SUPPLIED DATA START

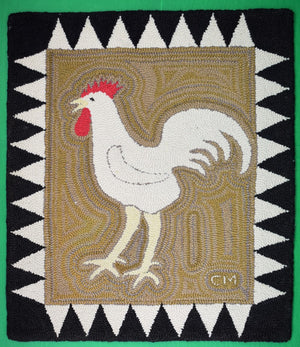 Rooster Cock Hand-Hooked Area Rug (SOLD)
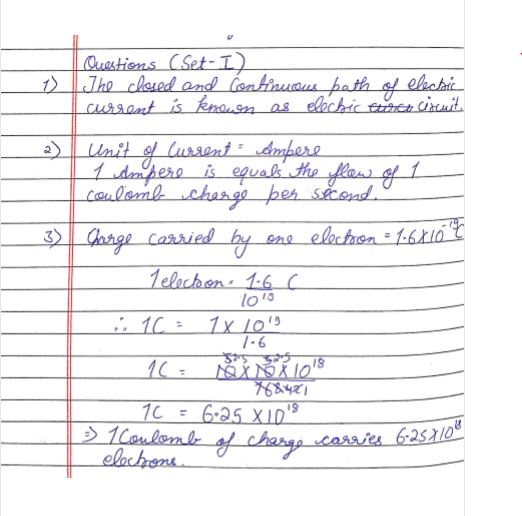 Class 10 Physics Chapter 12 Electricity Handwritten NCERT Answers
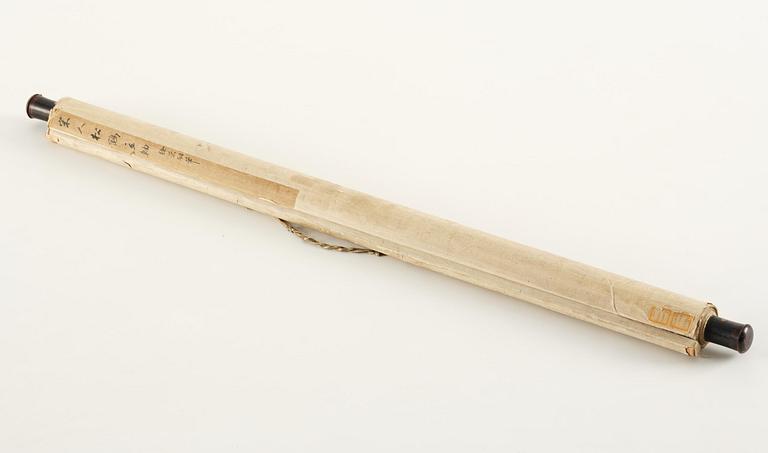 Okänd konstnär, rullmålning, färg och tusch på siden lagt på papper.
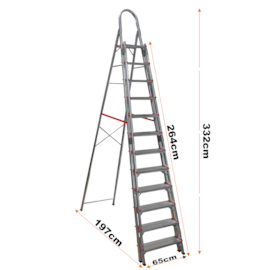 ESCADA ALUMINIO COM 12 DEGRAUS DUPLOS REFORÇADA ESCADA ALUMINIO COM 12 DEGRAUS DUPLOS REFORÇADA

SUPPLIED DATA END

> _AIM OF THE EXERCISE_: Once the pictures are set aside, output the whole listing exactly.

> _TASK OUTPUT_:
 Rooster Cock Hand-Hooked Area Rug (SOLD)
 Class 10 Physics Chapter 12 Electricity Handwritten NCERT Answers
 Okänd konstnär, rullmålning, färg och tusch på siden lagt på papper.
 ESCADA ALUMINIO COM 12 DEGRAUS DUPLOS REFORÇADA ESCADA ALUMINIO COM 12 DEGRAUS DUPLOS REFORÇADA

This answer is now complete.